◆ What the task requires ◆
State, as one number, how many lines in these records hold "Piece".

◆ Dataset extract ◆
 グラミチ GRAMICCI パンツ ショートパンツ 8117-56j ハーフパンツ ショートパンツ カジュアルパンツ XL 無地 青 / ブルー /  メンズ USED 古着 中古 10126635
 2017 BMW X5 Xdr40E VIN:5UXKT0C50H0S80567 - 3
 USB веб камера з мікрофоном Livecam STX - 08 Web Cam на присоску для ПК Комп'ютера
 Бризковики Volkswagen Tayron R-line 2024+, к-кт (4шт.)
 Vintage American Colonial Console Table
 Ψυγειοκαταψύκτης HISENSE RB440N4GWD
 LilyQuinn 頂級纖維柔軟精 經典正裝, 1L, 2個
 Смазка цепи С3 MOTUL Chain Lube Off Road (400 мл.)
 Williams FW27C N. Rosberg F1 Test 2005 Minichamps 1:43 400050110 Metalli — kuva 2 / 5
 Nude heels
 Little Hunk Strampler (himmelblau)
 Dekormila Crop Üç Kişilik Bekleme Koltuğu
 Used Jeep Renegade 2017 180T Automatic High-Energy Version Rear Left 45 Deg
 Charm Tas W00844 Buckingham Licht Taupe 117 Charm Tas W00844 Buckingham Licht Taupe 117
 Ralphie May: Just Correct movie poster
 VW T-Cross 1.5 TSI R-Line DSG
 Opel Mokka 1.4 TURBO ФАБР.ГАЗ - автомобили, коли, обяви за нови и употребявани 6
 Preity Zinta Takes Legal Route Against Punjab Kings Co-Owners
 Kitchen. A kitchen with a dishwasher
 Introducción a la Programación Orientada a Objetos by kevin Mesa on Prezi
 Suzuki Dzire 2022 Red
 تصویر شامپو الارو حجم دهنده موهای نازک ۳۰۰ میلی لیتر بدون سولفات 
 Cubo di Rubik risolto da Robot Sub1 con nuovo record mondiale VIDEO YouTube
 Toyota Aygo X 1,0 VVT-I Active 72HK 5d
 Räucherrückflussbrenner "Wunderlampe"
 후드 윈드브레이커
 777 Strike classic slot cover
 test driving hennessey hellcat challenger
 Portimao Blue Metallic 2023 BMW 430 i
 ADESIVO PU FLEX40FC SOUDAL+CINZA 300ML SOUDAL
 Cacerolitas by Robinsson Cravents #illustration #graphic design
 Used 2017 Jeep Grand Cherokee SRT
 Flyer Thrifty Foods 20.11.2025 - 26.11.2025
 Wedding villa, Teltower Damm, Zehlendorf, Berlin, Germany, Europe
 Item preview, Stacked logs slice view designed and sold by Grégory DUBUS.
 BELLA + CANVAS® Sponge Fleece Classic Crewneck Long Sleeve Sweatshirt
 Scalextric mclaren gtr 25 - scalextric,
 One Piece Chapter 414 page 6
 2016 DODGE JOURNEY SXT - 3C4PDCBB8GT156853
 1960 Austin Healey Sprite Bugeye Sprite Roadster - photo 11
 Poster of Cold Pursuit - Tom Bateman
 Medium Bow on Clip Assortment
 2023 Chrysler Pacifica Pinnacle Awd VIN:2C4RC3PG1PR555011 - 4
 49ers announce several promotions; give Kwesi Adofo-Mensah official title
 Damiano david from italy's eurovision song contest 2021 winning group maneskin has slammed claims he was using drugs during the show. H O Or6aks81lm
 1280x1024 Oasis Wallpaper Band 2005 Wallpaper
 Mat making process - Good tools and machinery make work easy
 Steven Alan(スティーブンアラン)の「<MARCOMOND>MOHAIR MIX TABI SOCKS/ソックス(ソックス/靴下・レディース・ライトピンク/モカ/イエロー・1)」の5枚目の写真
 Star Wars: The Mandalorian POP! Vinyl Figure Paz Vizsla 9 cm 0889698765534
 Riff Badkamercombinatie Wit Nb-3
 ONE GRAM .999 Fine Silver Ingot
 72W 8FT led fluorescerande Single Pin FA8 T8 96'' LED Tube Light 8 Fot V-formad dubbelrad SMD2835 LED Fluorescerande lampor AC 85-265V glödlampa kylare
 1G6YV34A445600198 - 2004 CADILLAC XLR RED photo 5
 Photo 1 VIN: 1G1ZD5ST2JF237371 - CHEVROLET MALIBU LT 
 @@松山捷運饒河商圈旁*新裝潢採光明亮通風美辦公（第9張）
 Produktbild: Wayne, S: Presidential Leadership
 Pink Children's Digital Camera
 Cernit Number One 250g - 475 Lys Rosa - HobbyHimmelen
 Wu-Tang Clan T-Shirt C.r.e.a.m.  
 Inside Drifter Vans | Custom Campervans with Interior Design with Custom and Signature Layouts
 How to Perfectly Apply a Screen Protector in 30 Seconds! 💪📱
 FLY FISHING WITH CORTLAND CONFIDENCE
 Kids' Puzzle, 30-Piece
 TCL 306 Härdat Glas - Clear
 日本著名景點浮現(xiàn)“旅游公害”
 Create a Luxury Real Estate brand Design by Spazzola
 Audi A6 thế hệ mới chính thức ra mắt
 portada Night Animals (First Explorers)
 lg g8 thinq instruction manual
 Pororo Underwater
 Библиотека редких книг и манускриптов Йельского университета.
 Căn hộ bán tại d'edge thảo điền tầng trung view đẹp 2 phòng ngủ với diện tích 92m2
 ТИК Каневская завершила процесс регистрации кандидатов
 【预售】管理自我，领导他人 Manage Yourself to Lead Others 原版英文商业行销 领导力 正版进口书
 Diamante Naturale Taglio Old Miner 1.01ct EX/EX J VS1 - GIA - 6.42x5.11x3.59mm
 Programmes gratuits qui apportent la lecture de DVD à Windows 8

◆ Reply ◆
2